Single by Jake Owen

from the album Greetings from... Jake
- Released: June 3, 2019
- Genre: Country
- Length: 3:12
- Label: Big Loud
- Songwriter(s): Bobby Pinson; Drew Parker; Jared Mullins; Ben Goldsmith;
- Producer(s): Joey Moi

Jake Owen singles chronology
| "Down to the Honkytonk" (2018) | "Homemade" (2019) | "Made for You" (2020) |

= Homemade (song) =

"Homemade" is a song recorded by American country music singer Jake Owen. It was released in June 2019 as the third single from his sixth studio album, Greetings from... Jake.

==Content==
Written by Bobby Pinson, Drew Parker, Jared Mullins, Ben Goldsmith, and produced by Joey Moi, "Homemade" is described as a celebration of growing up in small town America.

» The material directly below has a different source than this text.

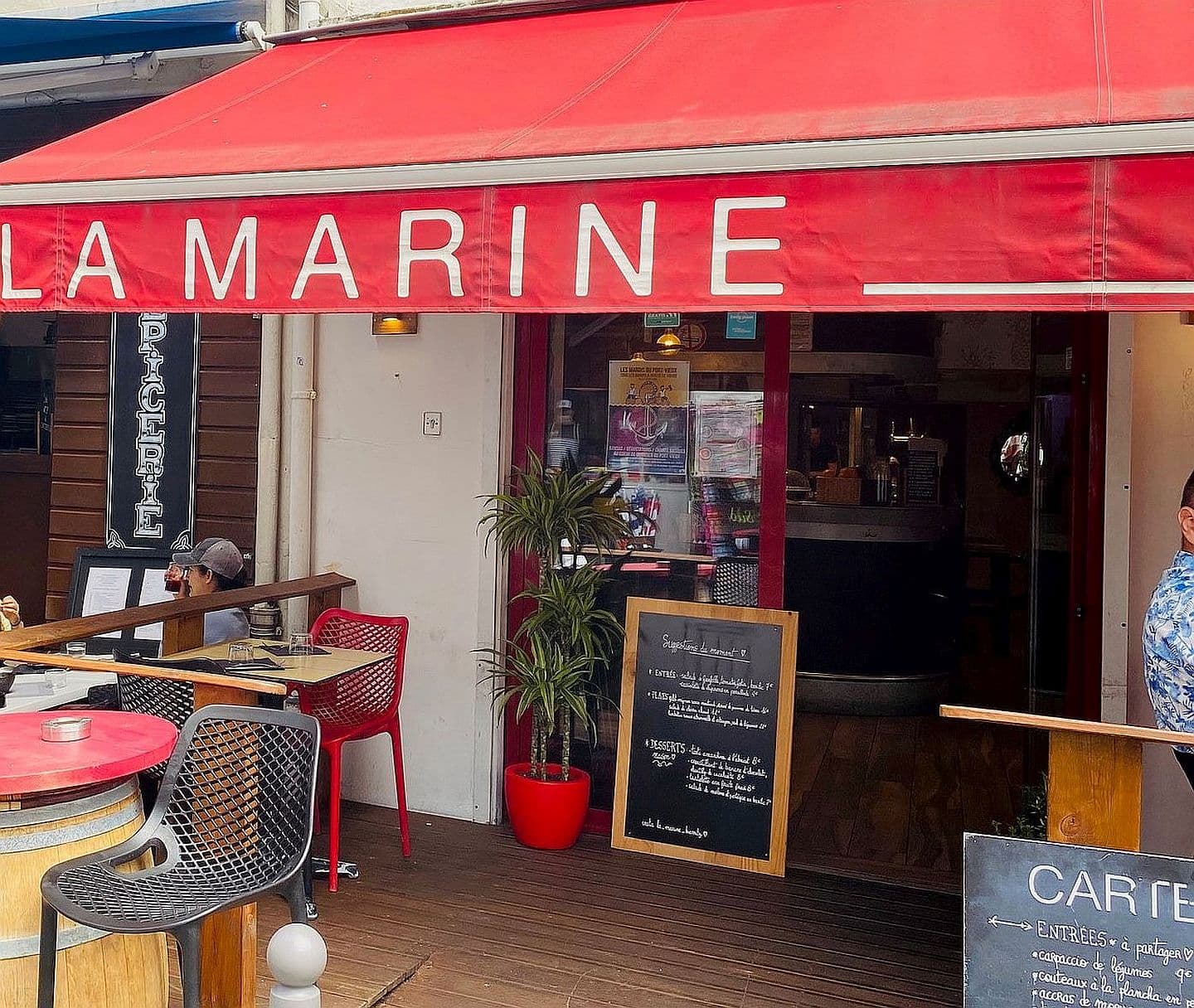 La Marine Biarritz terrasse 1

==Commercial performance==
"Homemade" topped Billboards Country Airplay in March 2020. It has sold 32,000 copies in the United States as of March 2020.

==Music video==
The music video for "Homemade" premiered on September 27, 2019, and tells the love story of Owen's own grandparents. Owen described their relationship as the classic American love story: "When I think about the love that people have had together, and I think about their story, there are plenty of songs that could be written about the love they share together." The video, which was shot in Lynnville, Tennessee and directed by Justin Clough, is set in the 1940s and shows Owen portraying his grandfather's younger self.

==Charts==

===Weekly charts===

| Chart (2019–2020) | Peak position |
|---|---|
| Canada (Canadian Hot 100) | 100 |
| Canada Country (Billboard) | 1 |
| US Billboard Hot 100 | 39 |
| US Country Airplay (Billboard) | 1 |
| US Hot Country Songs (Billboard) | 5 |

===Year-end charts===

| Chart (2020) | Position |
|---|---|
| US Country Airplay (Billboard) | 18 |
| US Hot Country Songs (Billboard) | 49 |

==Certifications==

| Region | Certification | Certified units/sales |
| Canada (Music Canada) | Gold | 40,000^{‡} |
| United States (RIAA) | Platinum | 1,000,000^{‡} |
^{‡} Sales+streaming figures based on certification alone.